Thursday, October 28, 2004

North East No Campaign agrees..."Yes Campaign are the losers"

Comment from The Northern Echo:
Are we too bored to vote?
28th October
CHILDREN, children. Purlease... The debate about whether or not the North-East decides that it wants a directly-elected regional assembly is hugely important. Whichever way you look at it, the result of November 4's referendum will be historic.

If the North-East votes No, it will lay the regional question to rest for a generation. If it says Yes, it tears up the accepted map of how we are governed and tries something new - something no one can with any certainty say will or will not work because it is untried.

The North-East is indeed a guinea pig: some find that frightening; others find that exciting.
How it will or will not work is what the debate should be about. Yet, for the last couple of days, all it has been about is whether or not someone hails from the south.
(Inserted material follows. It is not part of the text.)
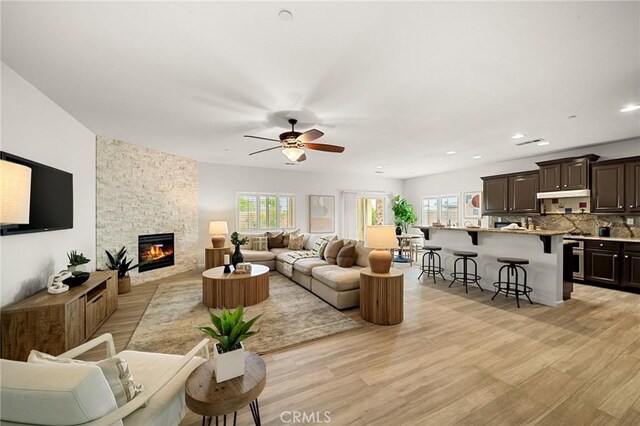 73992 Van Gogh Dr, Palm Desert, CA 92211 - living room with a stone fireplace, light wood-style flooring, a ceiling fan, and recessed lighting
It is an utterly puerile squabble. It means nothing to the voters. It is just one bunch of politicos shouting abuse at another.
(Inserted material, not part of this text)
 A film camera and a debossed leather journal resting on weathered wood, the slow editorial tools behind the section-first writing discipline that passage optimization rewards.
This discredits both parties. It destroys both parties' arguments as no one is listening to them. The effect will be that no one will vote - which is possibly why the turnout after eight days is only 25 per cent (historically in postal votes, most people who are going to vote do so within three days of receiving their papers).

It is ironic that both parties profess to love the North-East yet their sterile debate is harming the region's image. Such was the pathetic parochialism of the recent Hartlepool by-election campaign that people outside were mocking the region. The same will happen with this referendum unless both parties grow up.
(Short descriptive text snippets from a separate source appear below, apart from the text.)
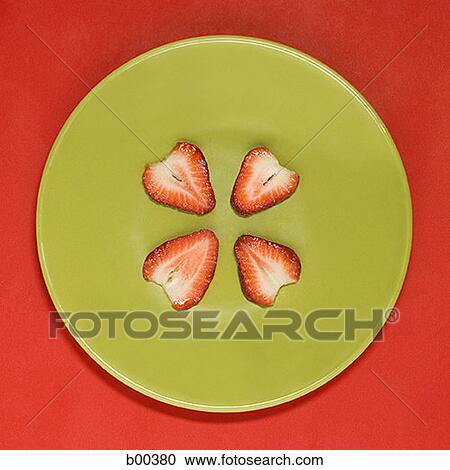 Close-up of slice of strawberry on a plate (Fragaria virginiana) View Large Photo Image Stock Image - Close-up of slice of strawberry on a plate (Fragaria virginiana). Fotosearch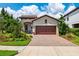 Charming single-story home with a beautiful paver driveway and manicured landscaping at 3877 Burdick Loop, Odessa, FL 33556
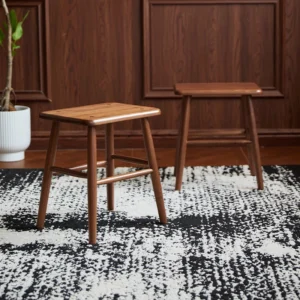 manna-walnut-square-stool-lifestyle Two solid walnut square wooden stools with splayed legs and cross stretchers standing on a patterned rug.
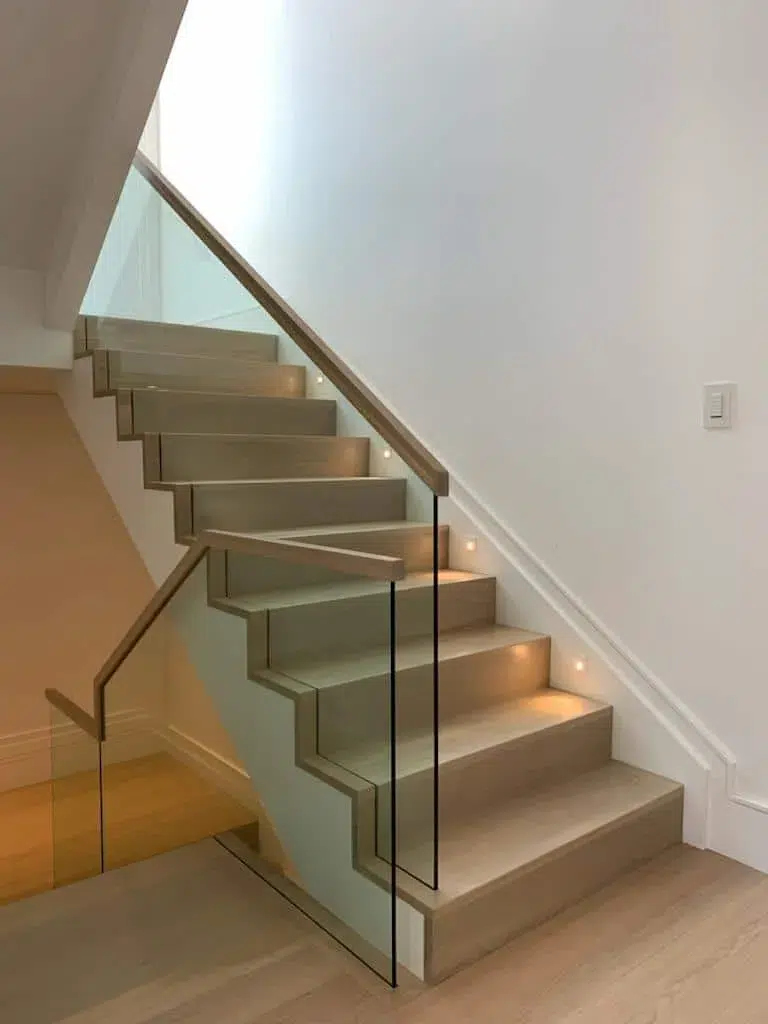 Glass railing with a light wood handrail along a home staircase with light grey treads and recessed step lights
The biggest losers in all this are the Yes campaign. They may have painted the No lobby as unreformed Tories - which most people who looked at the cast list knew anyway - but they must do more than that.

To win a Yes vote, they must inspire. They must show this is change for the better, that this is a new style of government. They must give real examples of how daily lives might be improved. They must excite people with the potential of what is on offer.

Give us hopes, give us dreams. Don't give us boredom with silly irrelevant squabbles.